### RECORDS FOR THIS EXERCISE:
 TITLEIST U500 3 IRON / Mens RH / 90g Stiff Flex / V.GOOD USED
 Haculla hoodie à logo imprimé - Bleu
==
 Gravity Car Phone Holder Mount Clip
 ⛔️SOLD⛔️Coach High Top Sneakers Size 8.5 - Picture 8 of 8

### WORK ITEM:
Working from the data above, extract solely the lines from the one containing "TITLEIST U500 3" through the one containing "Haculla hoodie à logo imprimé - Bleu", exactly as they appear, both included.

### ANSWER TO THIS PROBLEM:
 TITLEIST U500 3 IRON / Mens RH / 90g Stiff Flex / V.GOOD USED
 Haculla hoodie à logo imprimé - Bleu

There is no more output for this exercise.